— Ch. 1 · Defining The Heterodox Umbrella —
Heterodox economics.
~4 min read · Ch. 1 of 6
In 2007, economist Frederic S. Lee estimated that only five to ten percent of American economists identified with heterodox schools of thought. This small minority operates under a broad, relative term rather than an absolute definition. There is no single rulebook for what constitutes heterodox economic thought because the label exists solely in contrast to the most prominent or popular schools at any given time and place. Groups typically classed as heterodox include the Austrian, ecological, Marxist-historical, post-Keynesian, and modern monetary approaches. These diverse traditions share a common stance against mainstream economics but lack a unified methodology. Four frames of analysis have been highlighted for their importance to this collective: history, natural systems, uncertainty, and power. The field remains fluid, adapting its boundaries as the dominant paradigm shifts.

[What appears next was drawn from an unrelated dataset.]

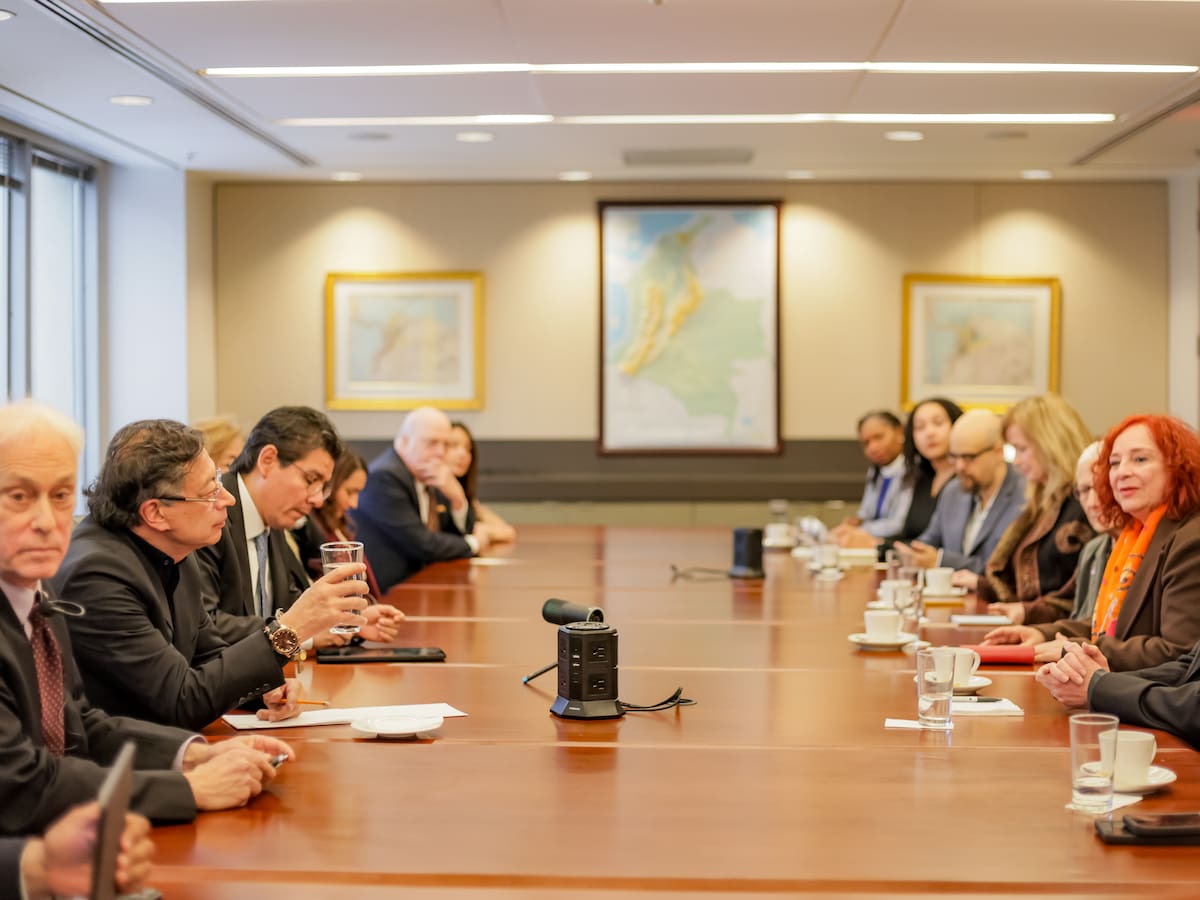 Petro se reunió con líderes eclesiásticos en Washington tras encuentro con Trump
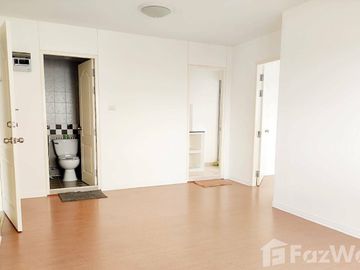 1 Bedroom Condo for sale at Lumpini Condo Town Rattanathibet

Historical Roots And Rejections
Mid-19th century thinkers like Auguste Comte, Thomas Carlyle, John Ruskin, and Karl Marx launched early critiques of orthodox economy. A number of heterodox schools challenged the dominance of neoclassical economics after the neoclassical revolution of the 1870s. Socialist critics of capitalism stood alongside advocates of various forms of mercantilism during this turbulent period. Dissenters from neoclassical methodology formed the historical school, while others advocated unorthodox monetary theories such as social credit. Physical scientists and biologists were the first individuals to use energy flows to explain social and economic development. Joseph Henry, an American physicist and first secretary of the Smithsonian Institution, remarked that the fundamental principle of political economy is that physical labor can only be ameliorated by transforming matter from a crude state to an artificial condition through expending power or energy. The rise and absorption into the mainstream of Keynesian economics contributed to the decline of interest in these earlier schools.